The doctor told us to try again immediately. He tried to throw statistics at me to help me feel secure in the knowledge that I wasn’t alone. I only wondered if those other women felt relief like me, too.
That was 6 years ago. We didn’t try again. In that time, I was diagnosed with depression, and hence we got completely taken off the adoption list. We were told that the international governments wouldn’t want a woman who had depression to adopt one of their children. Depression almost destroyed me and it almost destroyed my marriage – But we made it through, with a lot of love and a lot of grace. In that time, we have also travelled the world, worked in an orphanage, raised tens of thousands of dollars for charity, engaged with the poor, served meals to sufferers of mental illness in our community, made wishes come true for sick children and provided hope to asylum seekers. I am a Godmother to three beautiful children and my volunteer work often involves kids. I gravitate towards them and they toward me. I make balloon animals for them and let them eat as much sugar as they want when their parents aren’t looking! I know now that we weren’t meant to be intertwined in a biological way, but that we were meant to love one another. Yet, the beauty of a pregnant woman still amazes me. I imagine the child growing inside of her and my heart bursts with joy – what a miracle that we women have the gift to create a life inside of our bodies. I love it when a baby curls their hands around my fingers, and I adore it when they feel safe enough to fall asleep in my arms.
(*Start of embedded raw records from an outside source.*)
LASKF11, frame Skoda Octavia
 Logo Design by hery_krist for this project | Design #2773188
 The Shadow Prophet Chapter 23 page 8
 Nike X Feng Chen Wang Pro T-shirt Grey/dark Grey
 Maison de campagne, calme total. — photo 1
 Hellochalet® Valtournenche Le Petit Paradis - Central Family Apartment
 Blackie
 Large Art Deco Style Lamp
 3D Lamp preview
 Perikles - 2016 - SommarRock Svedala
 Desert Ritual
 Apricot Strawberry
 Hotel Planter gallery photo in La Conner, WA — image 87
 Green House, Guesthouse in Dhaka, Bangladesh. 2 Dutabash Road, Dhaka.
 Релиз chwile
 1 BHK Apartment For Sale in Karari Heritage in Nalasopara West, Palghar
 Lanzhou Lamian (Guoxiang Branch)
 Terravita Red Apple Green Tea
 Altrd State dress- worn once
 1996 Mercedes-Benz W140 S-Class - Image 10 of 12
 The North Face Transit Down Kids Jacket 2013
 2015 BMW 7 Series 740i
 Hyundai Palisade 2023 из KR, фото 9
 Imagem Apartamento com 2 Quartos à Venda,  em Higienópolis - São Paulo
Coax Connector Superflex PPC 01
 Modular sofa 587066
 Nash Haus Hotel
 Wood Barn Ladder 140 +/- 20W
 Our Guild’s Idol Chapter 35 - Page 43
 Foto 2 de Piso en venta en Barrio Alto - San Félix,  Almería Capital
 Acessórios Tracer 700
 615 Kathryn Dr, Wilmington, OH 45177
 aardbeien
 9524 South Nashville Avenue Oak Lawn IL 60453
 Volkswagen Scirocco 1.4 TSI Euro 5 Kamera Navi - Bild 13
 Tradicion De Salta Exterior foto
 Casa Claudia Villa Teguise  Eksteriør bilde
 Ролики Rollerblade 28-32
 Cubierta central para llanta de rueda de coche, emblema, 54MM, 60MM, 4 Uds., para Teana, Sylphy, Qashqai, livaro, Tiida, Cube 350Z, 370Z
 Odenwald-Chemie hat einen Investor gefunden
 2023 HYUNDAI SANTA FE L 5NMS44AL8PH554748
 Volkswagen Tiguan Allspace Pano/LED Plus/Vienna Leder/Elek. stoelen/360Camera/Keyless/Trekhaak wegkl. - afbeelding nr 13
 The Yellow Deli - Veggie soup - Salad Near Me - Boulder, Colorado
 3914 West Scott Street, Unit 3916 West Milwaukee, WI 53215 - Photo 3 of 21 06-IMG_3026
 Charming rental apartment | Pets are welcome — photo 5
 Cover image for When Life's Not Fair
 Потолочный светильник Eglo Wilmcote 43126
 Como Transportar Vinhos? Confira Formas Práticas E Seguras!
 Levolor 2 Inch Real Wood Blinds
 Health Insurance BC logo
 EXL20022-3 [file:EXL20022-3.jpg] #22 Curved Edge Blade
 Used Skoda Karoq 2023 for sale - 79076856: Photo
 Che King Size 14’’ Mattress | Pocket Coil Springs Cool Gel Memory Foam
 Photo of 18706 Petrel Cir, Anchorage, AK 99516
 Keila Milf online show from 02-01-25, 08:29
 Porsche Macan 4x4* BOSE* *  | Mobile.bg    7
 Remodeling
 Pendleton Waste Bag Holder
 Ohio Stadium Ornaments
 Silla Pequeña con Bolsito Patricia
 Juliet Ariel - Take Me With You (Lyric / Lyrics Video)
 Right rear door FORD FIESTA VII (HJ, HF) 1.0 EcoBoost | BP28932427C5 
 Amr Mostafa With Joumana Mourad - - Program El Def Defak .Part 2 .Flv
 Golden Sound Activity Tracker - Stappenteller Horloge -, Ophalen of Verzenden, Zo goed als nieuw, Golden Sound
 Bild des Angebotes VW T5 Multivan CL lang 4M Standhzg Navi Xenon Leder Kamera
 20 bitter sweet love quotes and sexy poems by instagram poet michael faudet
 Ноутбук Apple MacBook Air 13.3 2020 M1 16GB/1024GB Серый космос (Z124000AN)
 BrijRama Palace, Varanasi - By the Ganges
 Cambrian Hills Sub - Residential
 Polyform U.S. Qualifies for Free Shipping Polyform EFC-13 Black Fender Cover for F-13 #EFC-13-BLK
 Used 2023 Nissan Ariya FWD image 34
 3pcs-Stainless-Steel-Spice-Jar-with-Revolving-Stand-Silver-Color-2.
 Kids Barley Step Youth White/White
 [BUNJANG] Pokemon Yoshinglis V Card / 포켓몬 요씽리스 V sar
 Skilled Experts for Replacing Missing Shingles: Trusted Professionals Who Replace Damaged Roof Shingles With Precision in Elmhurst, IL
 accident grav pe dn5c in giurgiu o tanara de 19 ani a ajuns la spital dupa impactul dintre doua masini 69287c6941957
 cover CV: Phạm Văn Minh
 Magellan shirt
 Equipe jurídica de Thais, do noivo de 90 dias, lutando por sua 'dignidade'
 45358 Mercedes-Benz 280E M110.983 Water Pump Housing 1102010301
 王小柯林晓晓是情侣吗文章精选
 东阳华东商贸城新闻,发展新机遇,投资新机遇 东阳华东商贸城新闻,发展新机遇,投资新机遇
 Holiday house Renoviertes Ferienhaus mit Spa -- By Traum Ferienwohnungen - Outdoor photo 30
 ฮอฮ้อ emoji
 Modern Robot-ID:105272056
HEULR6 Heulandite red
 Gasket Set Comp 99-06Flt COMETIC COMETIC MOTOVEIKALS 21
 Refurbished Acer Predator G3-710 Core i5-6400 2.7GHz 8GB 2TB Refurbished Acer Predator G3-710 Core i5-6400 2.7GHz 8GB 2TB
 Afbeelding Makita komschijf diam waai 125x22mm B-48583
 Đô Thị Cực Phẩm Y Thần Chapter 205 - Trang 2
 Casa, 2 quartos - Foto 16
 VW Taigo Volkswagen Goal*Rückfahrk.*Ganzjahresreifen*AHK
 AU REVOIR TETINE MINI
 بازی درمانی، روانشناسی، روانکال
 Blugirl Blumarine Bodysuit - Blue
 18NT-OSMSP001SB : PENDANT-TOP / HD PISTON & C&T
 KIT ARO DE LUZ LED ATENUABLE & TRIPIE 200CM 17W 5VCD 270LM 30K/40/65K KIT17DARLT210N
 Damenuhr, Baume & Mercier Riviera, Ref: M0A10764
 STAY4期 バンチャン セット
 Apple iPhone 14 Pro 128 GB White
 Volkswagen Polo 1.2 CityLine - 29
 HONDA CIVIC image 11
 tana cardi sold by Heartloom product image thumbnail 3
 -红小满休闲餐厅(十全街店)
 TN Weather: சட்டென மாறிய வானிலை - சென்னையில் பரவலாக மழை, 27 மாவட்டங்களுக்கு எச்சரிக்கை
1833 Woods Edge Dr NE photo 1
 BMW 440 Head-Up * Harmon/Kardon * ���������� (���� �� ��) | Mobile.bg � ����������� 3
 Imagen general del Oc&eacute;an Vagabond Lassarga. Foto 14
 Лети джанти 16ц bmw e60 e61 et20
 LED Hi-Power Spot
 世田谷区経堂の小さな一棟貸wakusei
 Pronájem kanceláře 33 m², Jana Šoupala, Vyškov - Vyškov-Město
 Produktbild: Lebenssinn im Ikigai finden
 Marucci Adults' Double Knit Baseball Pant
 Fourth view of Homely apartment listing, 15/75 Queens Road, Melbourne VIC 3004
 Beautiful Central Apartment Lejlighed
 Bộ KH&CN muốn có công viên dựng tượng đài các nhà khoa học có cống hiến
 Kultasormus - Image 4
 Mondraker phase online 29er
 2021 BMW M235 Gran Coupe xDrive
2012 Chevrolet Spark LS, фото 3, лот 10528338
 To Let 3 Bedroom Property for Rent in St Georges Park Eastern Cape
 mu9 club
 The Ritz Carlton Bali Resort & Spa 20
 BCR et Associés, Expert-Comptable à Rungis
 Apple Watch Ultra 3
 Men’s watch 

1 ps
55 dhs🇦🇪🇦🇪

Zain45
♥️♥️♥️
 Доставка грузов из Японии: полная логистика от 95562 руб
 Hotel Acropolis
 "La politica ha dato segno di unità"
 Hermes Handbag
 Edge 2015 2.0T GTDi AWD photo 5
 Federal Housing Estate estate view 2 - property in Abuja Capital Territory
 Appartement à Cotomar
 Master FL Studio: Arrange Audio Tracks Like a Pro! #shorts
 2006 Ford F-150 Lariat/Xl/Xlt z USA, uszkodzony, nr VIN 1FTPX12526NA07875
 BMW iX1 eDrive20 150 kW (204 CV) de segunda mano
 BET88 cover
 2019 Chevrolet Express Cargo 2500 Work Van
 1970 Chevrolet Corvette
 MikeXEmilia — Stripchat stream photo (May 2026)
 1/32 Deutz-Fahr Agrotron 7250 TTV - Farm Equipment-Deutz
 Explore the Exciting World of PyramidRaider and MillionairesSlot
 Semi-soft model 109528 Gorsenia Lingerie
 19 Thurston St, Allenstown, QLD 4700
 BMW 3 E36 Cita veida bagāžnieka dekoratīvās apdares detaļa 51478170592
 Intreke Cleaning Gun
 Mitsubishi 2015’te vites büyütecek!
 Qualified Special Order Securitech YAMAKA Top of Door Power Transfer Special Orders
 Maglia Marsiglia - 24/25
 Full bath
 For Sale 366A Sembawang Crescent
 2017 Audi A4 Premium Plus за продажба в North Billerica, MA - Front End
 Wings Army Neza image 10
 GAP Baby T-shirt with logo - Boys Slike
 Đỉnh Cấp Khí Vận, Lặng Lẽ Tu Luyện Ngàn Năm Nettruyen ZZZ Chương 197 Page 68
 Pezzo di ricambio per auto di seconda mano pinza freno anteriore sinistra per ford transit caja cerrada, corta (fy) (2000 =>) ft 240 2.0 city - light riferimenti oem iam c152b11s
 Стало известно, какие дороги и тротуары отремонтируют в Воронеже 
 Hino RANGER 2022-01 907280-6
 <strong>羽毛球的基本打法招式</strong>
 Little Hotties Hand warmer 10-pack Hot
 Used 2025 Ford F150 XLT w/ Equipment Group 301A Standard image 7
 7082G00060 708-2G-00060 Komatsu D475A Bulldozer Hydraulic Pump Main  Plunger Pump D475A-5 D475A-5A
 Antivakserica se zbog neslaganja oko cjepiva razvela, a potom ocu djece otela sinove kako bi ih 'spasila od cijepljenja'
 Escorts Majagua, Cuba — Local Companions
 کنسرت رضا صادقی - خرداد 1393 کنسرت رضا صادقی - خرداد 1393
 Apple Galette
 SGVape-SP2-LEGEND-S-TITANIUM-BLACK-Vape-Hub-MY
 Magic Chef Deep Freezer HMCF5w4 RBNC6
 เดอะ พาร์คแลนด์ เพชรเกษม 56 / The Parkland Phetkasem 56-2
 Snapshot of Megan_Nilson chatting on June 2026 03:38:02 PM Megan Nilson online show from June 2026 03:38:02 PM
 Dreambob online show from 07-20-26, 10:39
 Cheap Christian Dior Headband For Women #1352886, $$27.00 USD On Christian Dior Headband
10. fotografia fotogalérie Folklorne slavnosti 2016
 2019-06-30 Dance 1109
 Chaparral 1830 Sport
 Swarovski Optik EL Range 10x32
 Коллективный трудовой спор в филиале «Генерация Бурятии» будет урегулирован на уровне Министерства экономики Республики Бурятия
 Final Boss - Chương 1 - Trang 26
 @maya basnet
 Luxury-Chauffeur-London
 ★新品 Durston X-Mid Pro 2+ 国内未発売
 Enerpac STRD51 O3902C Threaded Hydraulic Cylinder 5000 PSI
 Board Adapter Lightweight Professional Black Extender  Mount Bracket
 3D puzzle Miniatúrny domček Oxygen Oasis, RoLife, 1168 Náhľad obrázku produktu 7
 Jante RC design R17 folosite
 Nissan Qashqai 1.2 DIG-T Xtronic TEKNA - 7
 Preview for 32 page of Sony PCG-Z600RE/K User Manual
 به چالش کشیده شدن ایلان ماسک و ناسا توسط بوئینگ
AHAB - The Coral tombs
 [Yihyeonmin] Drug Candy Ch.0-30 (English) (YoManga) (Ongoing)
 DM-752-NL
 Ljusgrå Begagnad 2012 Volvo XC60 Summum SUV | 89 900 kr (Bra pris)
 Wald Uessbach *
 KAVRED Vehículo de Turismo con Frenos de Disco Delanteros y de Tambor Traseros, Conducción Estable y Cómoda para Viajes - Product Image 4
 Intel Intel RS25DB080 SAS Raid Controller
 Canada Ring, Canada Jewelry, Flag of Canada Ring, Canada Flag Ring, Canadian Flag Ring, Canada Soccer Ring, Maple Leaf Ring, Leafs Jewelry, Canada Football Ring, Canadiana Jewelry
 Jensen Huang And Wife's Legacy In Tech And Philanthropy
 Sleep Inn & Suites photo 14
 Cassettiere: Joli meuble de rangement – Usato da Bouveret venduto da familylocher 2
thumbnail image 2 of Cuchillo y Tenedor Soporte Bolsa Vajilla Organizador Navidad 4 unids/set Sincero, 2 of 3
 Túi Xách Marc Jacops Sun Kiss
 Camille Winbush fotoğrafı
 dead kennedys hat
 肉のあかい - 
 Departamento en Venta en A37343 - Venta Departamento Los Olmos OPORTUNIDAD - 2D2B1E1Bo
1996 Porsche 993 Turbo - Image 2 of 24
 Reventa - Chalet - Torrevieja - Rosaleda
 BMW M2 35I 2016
After a lot of counselling, many conversations and sleepless nights, I still don’t know why I don’t want children. I’m just grateful that I have a husband who loves me unconditionally, and a faith that ensures forgiveness and acceptance. When I die, I hope that I live on in the memories of people whose lives we have touched and who have touched mine. When I die, I want those who love me to remember me as a friend, a daughter and a wife.
I don’t have a title of “Mother,” as I haven’t earnt it, but this Mother’s Day, as with every Mother’s day, I will be celebrating mothers – because they are inherently selfless and ever giving. I will celebrate Mother Teresa who kissed the cheeks of thousands of children and loved them with a full and abundant heart, I will be thinking of those who yearn for children but are unable to have them. I will hold those who have lost children in my heart and my prayers. I will remember what could have been, reconciling that with what is. And I trust that, as every year, I will find peace and absolution.